A topsy-turvy fruit season has left growers scratching their heads, with winter fruit trees sprouting golf-ball size produce, five months early, and traditional Christmas season produce missing in action.
Leap Lychees growers Daniel and Rebecca Berger purchased their property at The Leap two and a half years ago, and after a fruitful Silly Season last year, they are experiencing a starkly different season this year.
"Last year we had close to 500kg of lychees...it was our first season and we were really pleased with it," Mrs Berger said.
"We're learning as we go. This year we were all excited and ready to go... but this year we've only got two trees and a couple of kilos, if that. They're tiny.
"There are 300 lychee trees, 40 Bowen mangoes, five R2E2 mangoes, 20 lime trees, passion fruit, and mandarins which are actually all on the tree at the moment, which is really bizarre.
"They are golf-ball sized which is strange but they're all fruiting."
However, due to little rain and watering system complications, the first generation growers are experiencing a late and light season this year.
While they will not be supplying their organic mangoes and lychees to the region's loyal customer base, they will be offering sorbet this week, made from their plentiful passion fruit, and small pickings of lychees and mangoes.

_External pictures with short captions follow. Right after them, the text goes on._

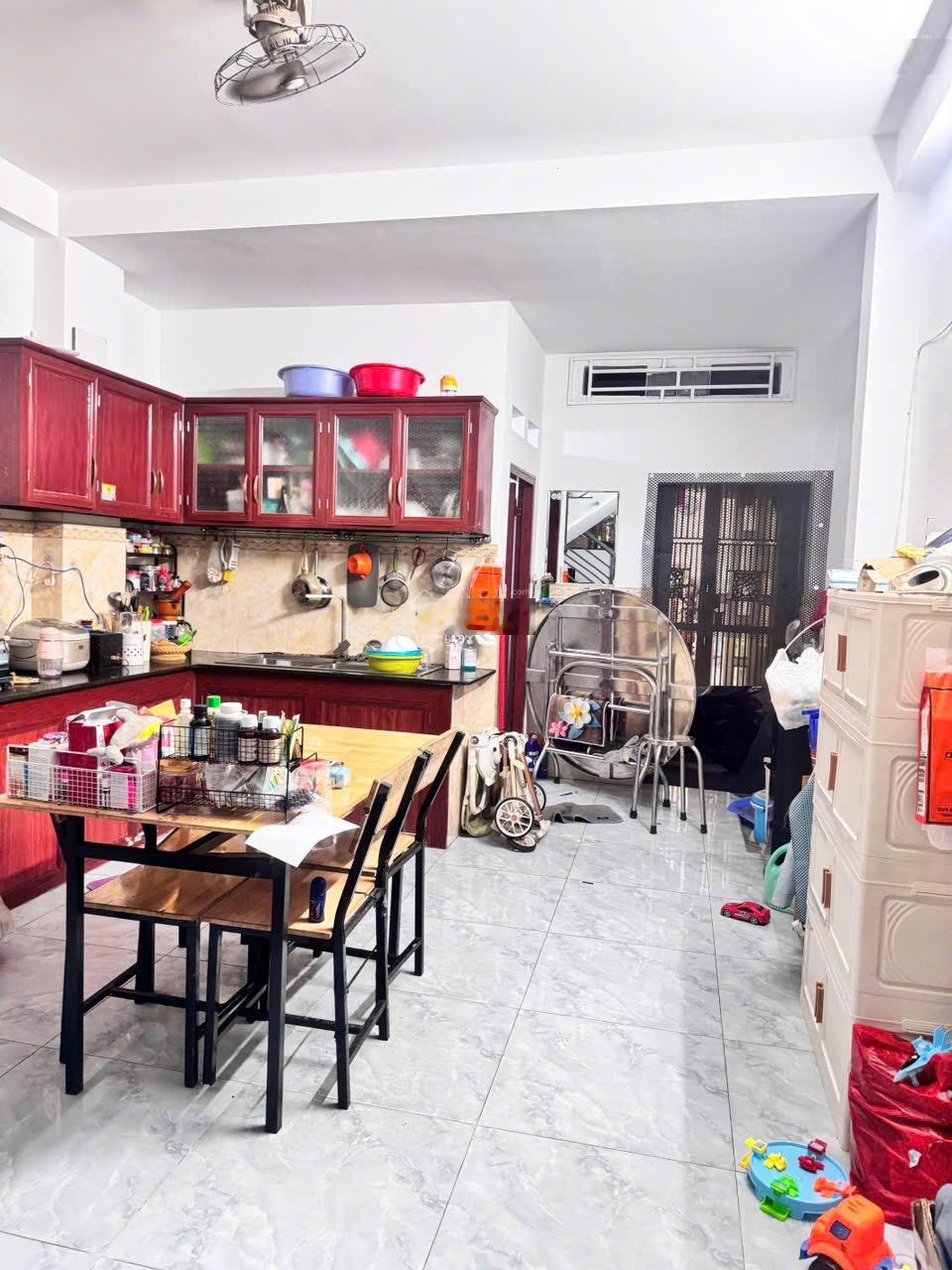 Nhà bán 2 mặt tiền trước sau hẻm 7m xe tải tránh 225// đường Lê Văn Quới, Bình Trị Đông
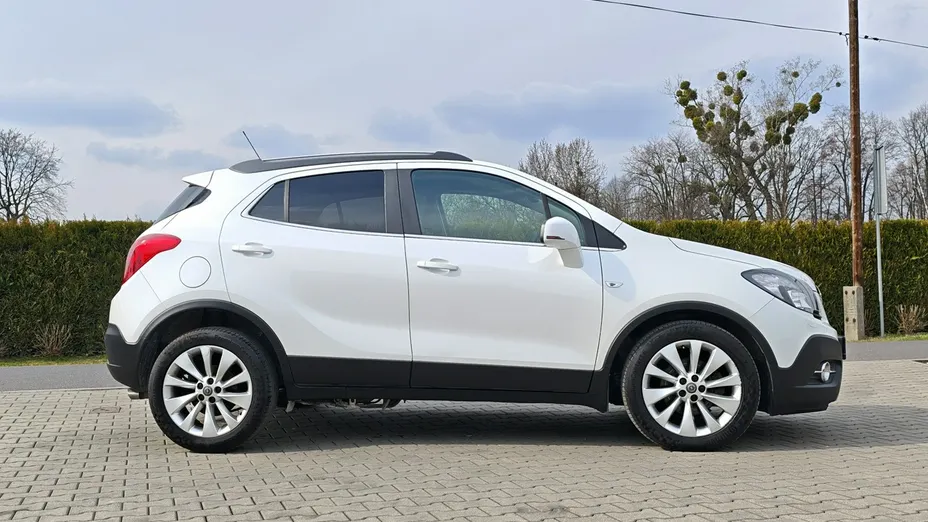 OPEL Mokka -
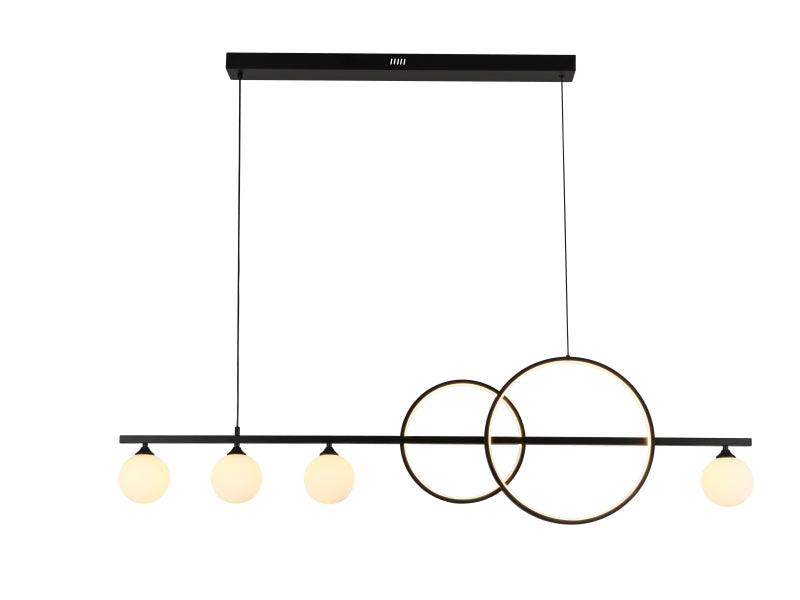 Modern Design LED Pendant Light P230-1.5M - Galaxy Lighting NZ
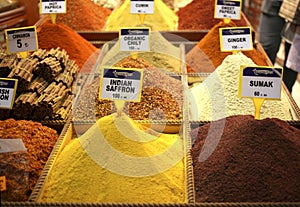 Spices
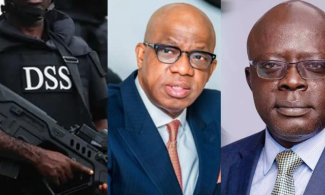 Ogun Council Chairman, Adedayo, Who Accused Governor Abiodun Of Diverting Over N17Billion LG Funds Is Being Detained For His Own Good, Says DSS 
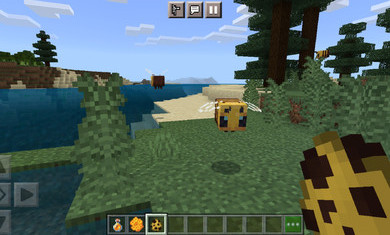 我的世界花园模组(1)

"It's just been hard...(because we haven't had) the chill factor and water," Mr Berger said.
There were positive signs earlier this year, but heavy winds in early September dashed the chance for a healthy picking.
"We came down and we had stacks of little buds, flowers coming on, and we thought we were going to have another great season but no, unfortunately," Mrs Berger said.
This year was a definite turn around for the couple, who were off to a running start for their first season in 2022.
"We were hoping to do markets and stuff but by the time people bought here we had none left last year, which is fine, everyone was just happy we were open. A lot of people," Mrs Berger said.
"We've even had people come back constantly. There's a lady from Seaforth, who every week she'd come and get a box of mangoes. They are return people for sorbet all the time.
"Dan is still working, he's an electrician, I was just in retail...and circumstances that we went through, we..were in a really bad car accident on holidays and you realise that if you don't do what you want to do, you miss out. So we decided to throw caution to the wind and take the leap, at The Leap."
The couple, who relocated from Beaconsfield in Mackay after driving past the property's open house one day, have taken to the grower lifestyle, learning the ropes from the previous owner of two decades, Dave Mathers.
"We're trying to stay as Dave had the property. We're trying to stay with the organic stuff. The fertiliser we use is organic...we don't use any pesticides," Mr Berger said.
"There is a different taste with the fruit. A lot of people when they come here, they ask if we doing the same as Dave and they're happy.
"The fruit that we did have, if it did survive, then we got hit with bugs and possums. We've got some lovely possums that, when I"m in the orchard...they follow me around a lot.
"We have nets to keep the bats and birds away."
While the couple will stick with sorbet this year, they're hoping to see conditions return back to normal in 2024, with a future goal to one day become fully sustainable.
"It'd be nice to have a decent winter...and then back to a regular weather pattern," Mr Berger said.
"As Dave said to us when we bought the place; 'when the cane farmers are whinging, we're happy, and vice versa'."
Bloomsbury mango farmer John Lee has also felt the strain of a tough fruit season.
"It's a terrible year. I had bugger all. Five per cent of the crop on there," he said.
"I heard at Bowen, some fellas had absolutely nothing...it's very disappointing but that's the joy of farming. You can work all year on the thing but can miss it by that much.
"It's just the wrong season for setting the fruit. It's very volatile, the market. They reckon it wasn't cold enough to set the fruit, but also you can get the misty rain that destroys the flowers...it's the whole combination."